More than 70 Sudanese refugees who fled the fighting in Blue Nile state for Doro, the largest and oldest refugee camp in South Sudan’s Maban county in Upper Nile state, were reportedly murdered on 24, 25, 26 December 2016.
A missionary described scenes of horror to Radio Dabanga as bodies are unburied and thousands have quit the camp to live in the open.
Idris Redco Aodra, a missionary of the Sudan Interior Church at Doro camp, told Radio Dabanga on Monday that the murders were perpetrated “by the White Army militia, with the participation of members of the regular forces from the Maban local community, including the police, prisons and security, wildlife and fire brigade”.
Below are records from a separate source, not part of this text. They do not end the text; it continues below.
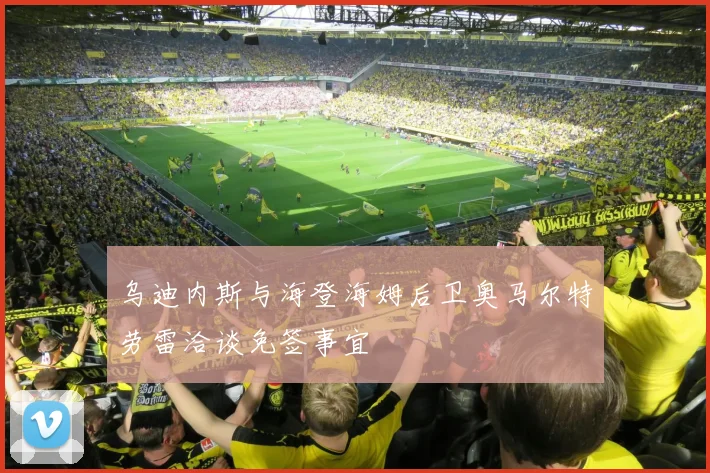 乌迪内斯与海登海姆后卫奥马尔特劳雷洽谈免签事宜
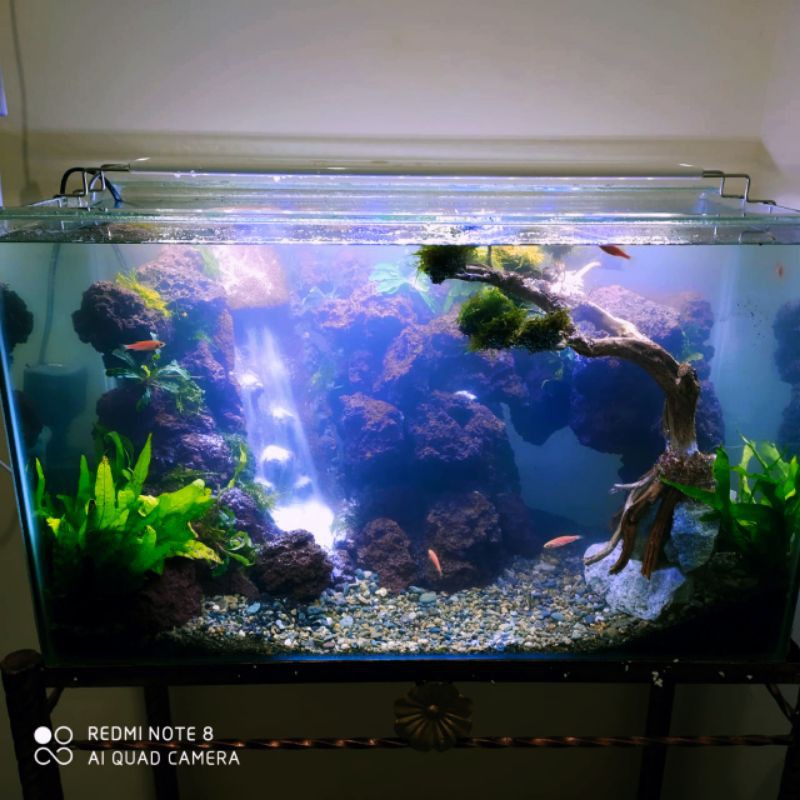 jasa pembuatan aquascape 60 cm tema waterfall bonsai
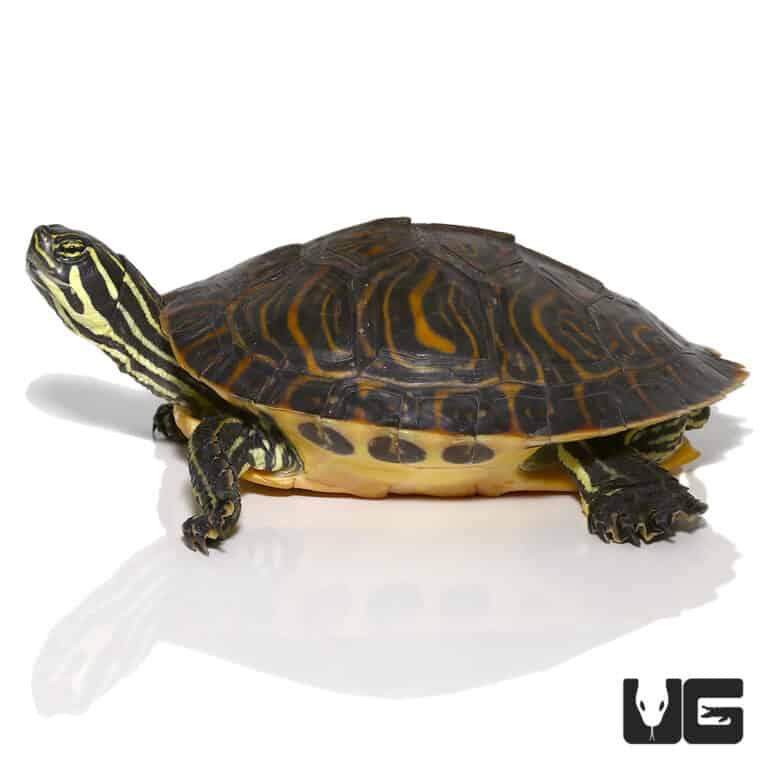 Juvenile Peninsula Cooter Turtles For Sale - Underground Reptiles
He said that “the dead include children, whose bodies are still scattered on the outskirts of the town of Bunj, to the west of the camp. Some of them buried in mass graves and the others were mutilated and thrown into the river.”
Aodra particularly praised the troops of the South Sudan army, which he said “did not participate in those incidents”.
He called on the government of South Sudan and the UN mission to find alternative sites for the four camps for Blue Nile refugees in Maban county “who are living in a real tragedy” in the crossfire between two war zones.
He said that about 15,000 people have fled the camp, and are living rough “in very serious and dire humanitarian situation”.
Aodra said:“The refugees from Blue Nile are leaving all the camps to the liberated territories, despite the lack of food, shelter, medicine and aerial bombardment. Maban has become a graveyard as a result of these incidents.”
He appealed via Radio Dabanga to the humanitarian organisations to immediately intervene to save those who have been displaced and are now out in the open.